When I started the restoration of our 1937 Oldsmobile convertible, I wanted everything to be as authentic as possible, since it is very rare to still have the factory-installed cloth interior. The car was painted once in the late 1940s or early 1950s, with the original paint left on. The last time it was on the road was 1953, garaged until my wife and I bought it in 2010. I lightly sanded down the paint in one area until the original paint was visible, then buffed it out, and got it scanned to match new paint.
One of the details I wanted to get right was having the correct bolts with the proper markings on the heads and the correct finish (not like a lot of restored cars I see with new bolts and grade markings on the heads). My parts book shows about 98% of the bolts, washers and nuts have a cadmium finish, so that's what I was looking to achieve. Since I had another ’37 Olds that I made into a street rod, and had access to two other ’37 Olds in local junkyards, I was able to get every bolt I needed, with the correct markings, and rust-free.
I thought about sending all the bolts, nuts, washers, springs and brackets out to get them cadmium-plated, but I had heard horror stories about other people sending small amounts of bolts to large companies that end up losing them. Since I worked very hard and spent lots of hours gathering all the correct bolts and other items, I didn't want to chance losing them.
I've seen the Eastwood Tin-Zinc Electroplating System in their catalog for many years but didn't think it was the finish I was looking for. I asked some of my friends who restore cars if they had ever bought the kit and tried it but they hadn't. So the bolts laid around for a few years while I was getting the frame and body ready (I don't work real fast).

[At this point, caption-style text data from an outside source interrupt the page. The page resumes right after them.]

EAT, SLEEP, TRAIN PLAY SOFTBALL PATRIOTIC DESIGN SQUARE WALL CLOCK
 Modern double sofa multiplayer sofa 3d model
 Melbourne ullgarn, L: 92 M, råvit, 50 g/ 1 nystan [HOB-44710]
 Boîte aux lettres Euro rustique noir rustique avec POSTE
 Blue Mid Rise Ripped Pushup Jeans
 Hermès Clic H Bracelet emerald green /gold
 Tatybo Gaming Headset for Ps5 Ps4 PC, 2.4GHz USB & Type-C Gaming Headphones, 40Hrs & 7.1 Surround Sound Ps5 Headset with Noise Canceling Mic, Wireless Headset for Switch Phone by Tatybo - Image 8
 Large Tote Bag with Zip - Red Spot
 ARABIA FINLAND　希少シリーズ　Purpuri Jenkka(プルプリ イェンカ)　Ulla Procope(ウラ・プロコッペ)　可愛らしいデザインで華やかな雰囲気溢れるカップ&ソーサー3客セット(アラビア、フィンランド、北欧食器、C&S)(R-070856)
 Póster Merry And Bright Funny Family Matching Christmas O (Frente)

Finally I thought I would buy their electroplating system and give it a try. I wore the rubber gloves supplied in the kit so no oils from my fingers would get on the items. I also wore the eye protection supplied in the kit since I would be working with electrolyte, and I wanted to be able to actually see the car with both eyes when it was finished!
I glass-beaded a few bolts and cleaned them. The first bolts were a disaster. They were crusty and looked terrible. I found out it was just a matter of trial and error until I was able to get what I thought looked like the original cadmium finish. I ended up coating 1 or 2 small bolts at a time for about 4-5 minutes. Larger bolts or other items may take more time, depending on their size. Again, it's trail and error, outside temperature (works better in warm weather), keeping charged batteries (takes longer when the batteries get discharged), and making sure the items to be plated are cleaned properly.
One way I could tell when the batteries were getting discharged was when I placed the item in the electrolyte to be plated. If the electrolyte didn't start to bubble right away, I knew the batteries needed to be replaced. I kept lots of new batteries on hand because the plating goes a lot quicker with fully charged ones. I didn't count, but I probably coated between 100 to 150 items and only used about 8 "D" batteries.
This coating system isn't just for bolts; anything that is brass, copper or steel will coat well. I used it for bolts, nuts, washers, springs, brackets, grease fittings and front wheel dust covers. This kit is not recommended for stainless, chrome, aluminum or pot metal. This plating system isn't designed to fill rust pits. The smoother the finish is before it's plated, the nicer it is after it's done.
The Autosol polish in the kit works great. It takes very little polish and not much rubbing to get a nice finish. For some of the items I first took a fine brass wire wheel and very lightly removed the gray finish that was on the piece after plating. Then I used the polish supplied in the kit.
A friend of mine who restored his 1937 Oldsmobile used Eastwood's Metal Blackening Kit for all his bolts. When he saw how nice my bolts and other items turned out, he bought one of their electroplating kits and is in the process of redoing all his bolts.
I would recommend Eastwood's Tin-Zinc Electroplating System to anyone who wants to have a finish that looks, in my opinion, as close to cadmium as you can get...and you don't have to worry about sending all your items out and taking a chance on them getting lost. Final note: make sure you work in a well-ventilated area.